Standardizing on IDNA 2003 in the URL Standard
Shawn Steele
Shawn.Steele at microsoft.com
Fri Aug 23 21:25:40 CEST 2013
> 2. The TR46 deviation character
> support can be dropped in clients once the major registries
> that allow them provide a bundle or block approach to labels that
> include them, so that new clients can be
> guaranteed that URLs won't go to a different location than
> they would under IDNA2003. The bundle/block needs to last
> while there are a significant number of IDNA2003 clients
> out in the world. Because newer browsers have automatic
> updates, this can be far faster than it would have been a
> few years ago.
That's not necessarily true. If someone's subdomain uses some IDNA2003 domain name that lands on a different machine, the client applications will get the bug reports that they broke the customer when a customer's URL stops working. Blocking at the registry could have a similar issue (if the user wants to move from one to another). Also we cannot enforce that the registrars bundle-or-block.

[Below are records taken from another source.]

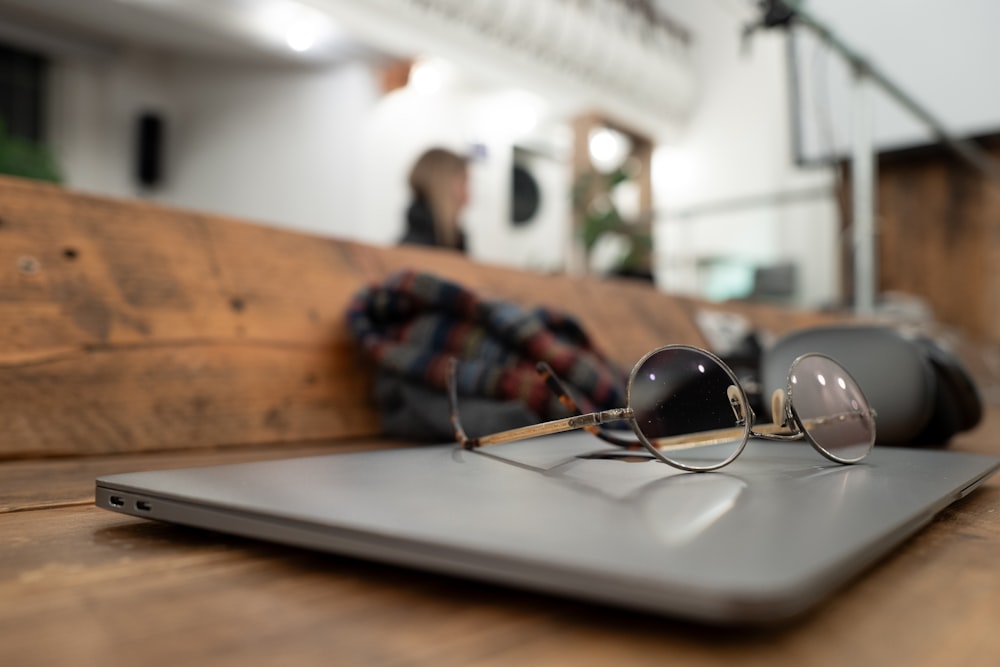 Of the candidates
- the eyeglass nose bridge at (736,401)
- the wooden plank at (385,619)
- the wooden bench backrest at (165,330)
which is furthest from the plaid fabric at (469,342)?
the wooden plank at (385,619)

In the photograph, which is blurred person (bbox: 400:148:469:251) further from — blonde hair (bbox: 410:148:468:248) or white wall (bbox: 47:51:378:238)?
white wall (bbox: 47:51:378:238)

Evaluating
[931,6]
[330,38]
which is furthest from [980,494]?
[330,38]

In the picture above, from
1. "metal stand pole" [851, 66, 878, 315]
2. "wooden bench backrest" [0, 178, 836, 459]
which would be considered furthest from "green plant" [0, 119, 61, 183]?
"metal stand pole" [851, 66, 878, 315]

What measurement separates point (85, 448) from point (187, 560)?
35 cm

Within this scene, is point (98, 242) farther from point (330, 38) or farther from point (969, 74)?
point (330, 38)

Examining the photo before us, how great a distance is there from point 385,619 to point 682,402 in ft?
0.63

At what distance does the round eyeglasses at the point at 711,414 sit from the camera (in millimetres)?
315

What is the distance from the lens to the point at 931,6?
8.48ft

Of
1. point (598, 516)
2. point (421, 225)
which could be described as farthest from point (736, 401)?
point (421, 225)

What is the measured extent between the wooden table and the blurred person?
1844 millimetres

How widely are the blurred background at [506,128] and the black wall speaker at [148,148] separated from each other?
0.01 meters

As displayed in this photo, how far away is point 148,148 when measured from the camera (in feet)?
15.6

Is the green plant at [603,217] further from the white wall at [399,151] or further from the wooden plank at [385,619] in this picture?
the wooden plank at [385,619]

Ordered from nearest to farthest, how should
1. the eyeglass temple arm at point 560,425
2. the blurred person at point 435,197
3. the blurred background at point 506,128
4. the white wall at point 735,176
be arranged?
the eyeglass temple arm at point 560,425 → the blurred person at point 435,197 → the blurred background at point 506,128 → the white wall at point 735,176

However if the registrars DO bundle the names with the IDNA2003 form (other variations could be blocked), and the client software continues to resolve using the transient rules for these 5 characters, the user will always land on the right machine, no matter which way they enter the name. The "worst" problem could be that the address bar looks a little different than what the user entered. Which could be considered a UI problem. And if the clients really thought that UI issue was worth fixing, they could ensure that they didn't map the form the users entered for these few characters.